What to work on> Return the records below in full. Keep every word exact and skip the images.
==*==
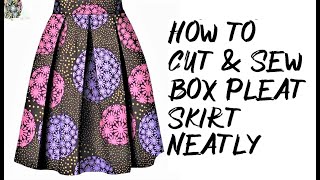 How to cut and sew box pleat skirt  Detailed tutorial  AmazingSewingCorner [upl. by Randolph]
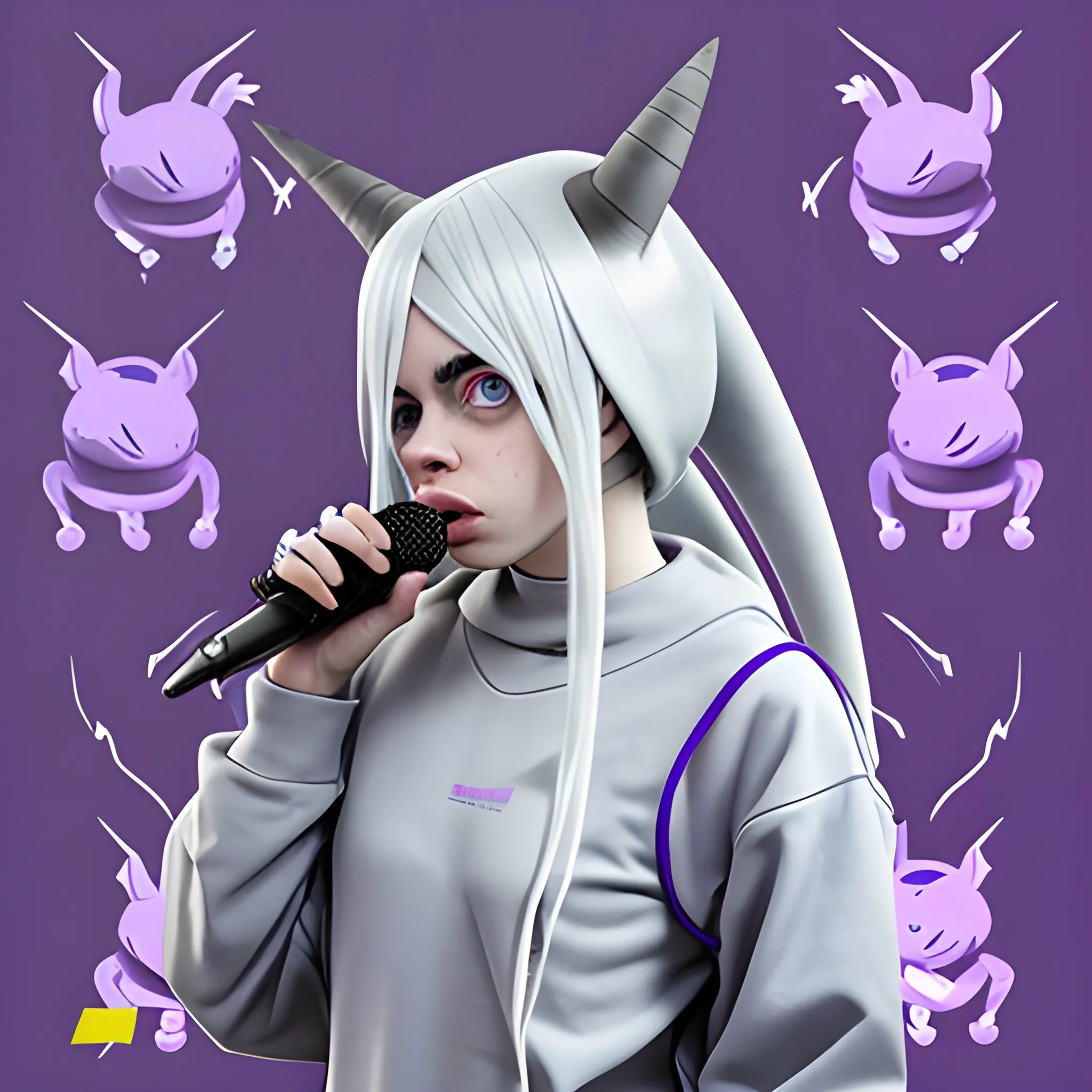 billie eilish with a Mewtwo build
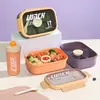 Lonchera de Polipropileno de Grado Alimenticio para Estudiantes, Lonchera Sellada Compartimentada con Tapa y Utensilios, Recipiente para Preparación de Comidas para Trabajadores de Oficina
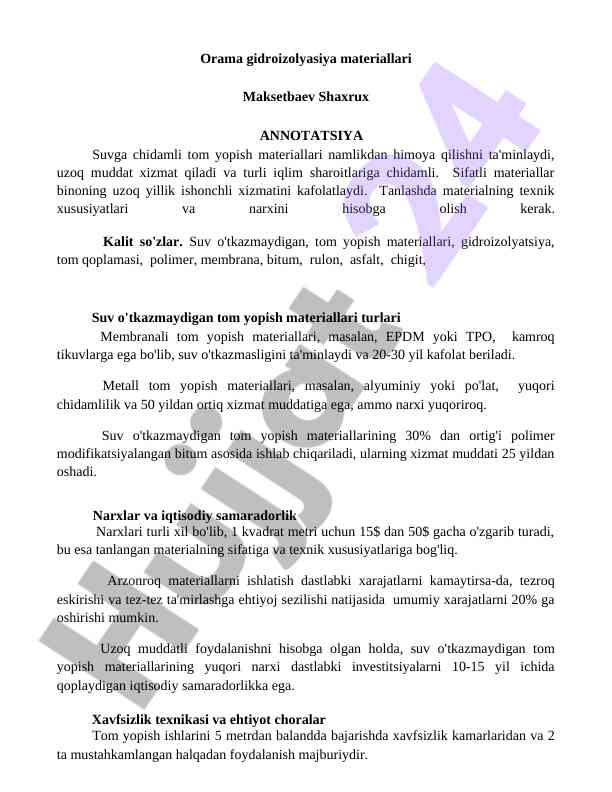 Hidroizolyatsiya materiallari tahlili va o'ziga xosliklari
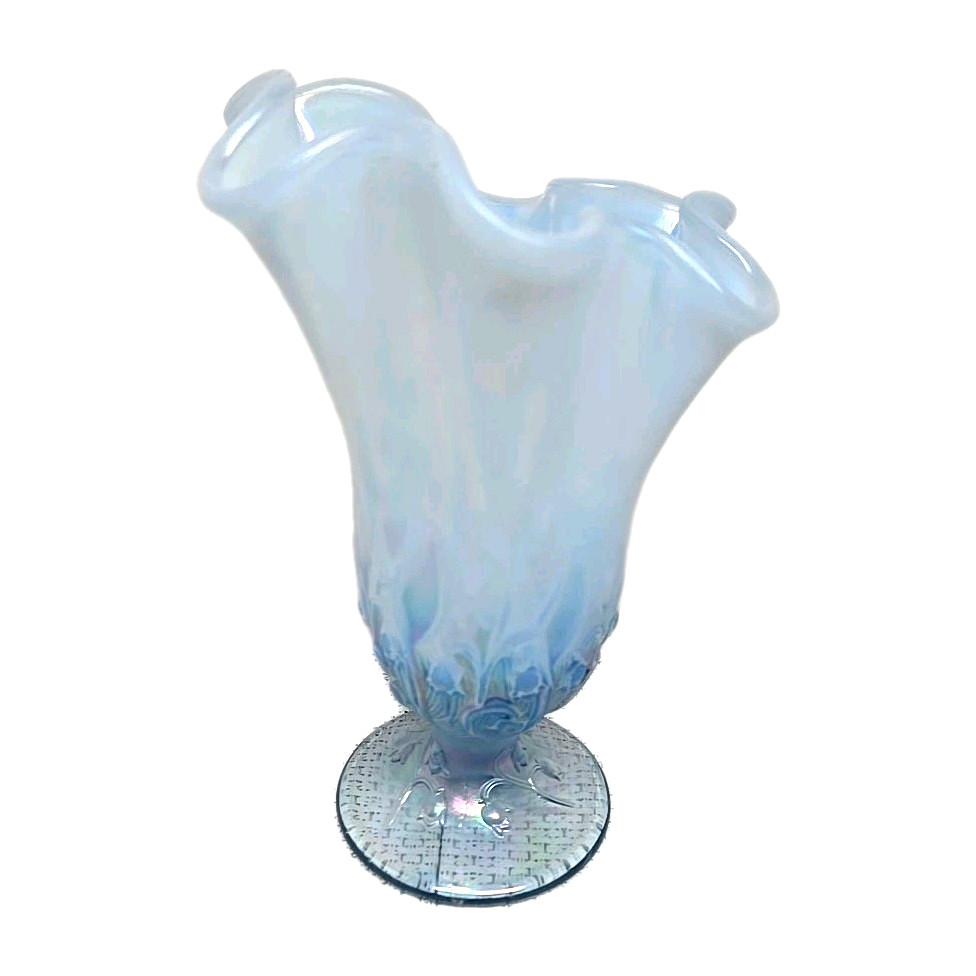 Vintage Fenton Art Glass Lily of the Valley Opalescent Blue Ruffled Vase 6 ¼ in.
==*==
Exercise solution>
 How to cut and sew box pleat skirt  Detailed tutorial  AmazingSewingCorner [upl. by Randolph]
 billie eilish with a Mewtwo build
 Lonchera de Polipropileno de Grado Alimenticio para Estudiantes, Lonchera Sellada Compartimentada con Tapa y Utensilios, Recipiente para Preparación de Comidas para Trabajadores de Oficina
 Hidroizolyatsiya materiallari tahlili va o'ziga xosliklari
 Vintage Fenton Art Glass Lily of the Valley Opalescent Blue Ruffled Vase 6 ¼ in.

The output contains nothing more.